Sikasa
- Founded: 1980
- Dissolved: 2020s
- Location: India;
- Key people: Vishwanath (Secretary), Rajab Ali (President)

= Singareni Karmika Samakya =

Militant trade union of coal miners

The Singareni Karmika Samakya (సింగరేణి కార్మిక సమాఖ్య, 'Singareni Workers Federation', abbreviated Sikasa, సికాస) was a militant trade union of coal miners in the Singareni coal fields. Sikasa is allegedly linked to the Communist Party of India (Maoist). Vishwanath is the secretary of Sikasa.

The union was founded in 1980. In 1981, it led a 56-day strike. hussain was the founding president of Sikasa. The union registered on 19 April 1982.

Sikasa held its first conference at Godavarikhani on 10–11 June 1982. 900 delegates and 330 fraternal delegates attended. The conference was preceded by police crackdowns, and the organisers of the conference were prohibited to take out any public procession.

Sikasa was allegedly connected to the Communist Party of India (Marxist-Leninist) People's War, functioning as both a legal and underground organization with linkages to the armed squads (dalams) of the party. Sikasa took up several causes of concern for the labourers at the coal fields, such as mine safety, improved working conditions and wages, widespread alcoholism, goondaism and exploitation of miners by contractors.
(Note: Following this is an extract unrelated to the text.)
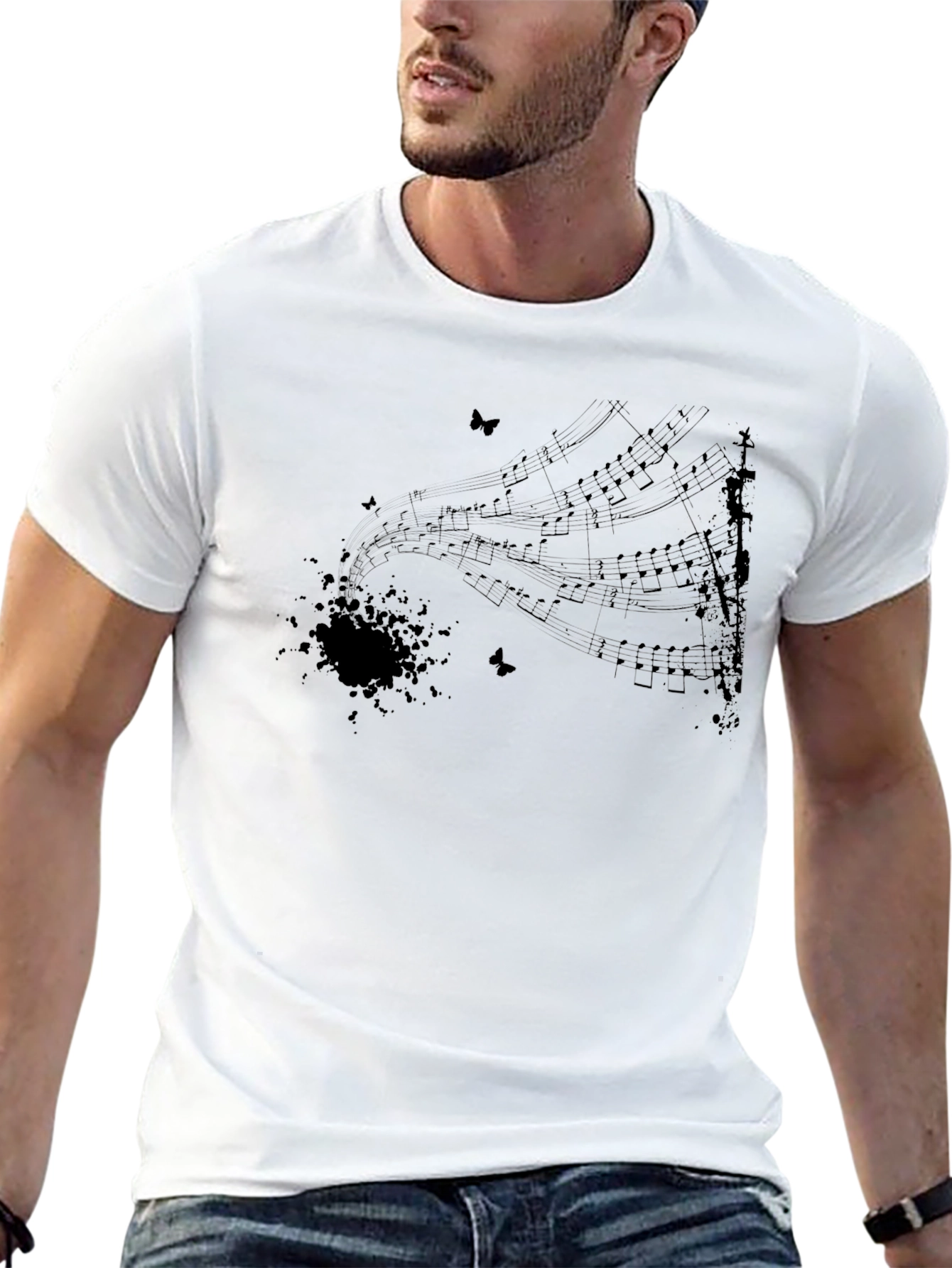 Music Notes T-Shirt - Black Graphic Tee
Between 1988 and 1992, Sikasa led a large number of strikes at the coal fields, paralysing operations at SCCL. As the SCCL came closer to bankruptcy, SIKASA's influence waned as police repression was intensified whilst the company was deferred for restructuring. Sikasa was banned in 1992.

In 2000, two Sikasa leaders were killed in a gun-fight with police in Adilabad district.

Sikasa was revived in 2004. The Andhra Pradesh state government decided to extend the ban on Sikasa in April 2006.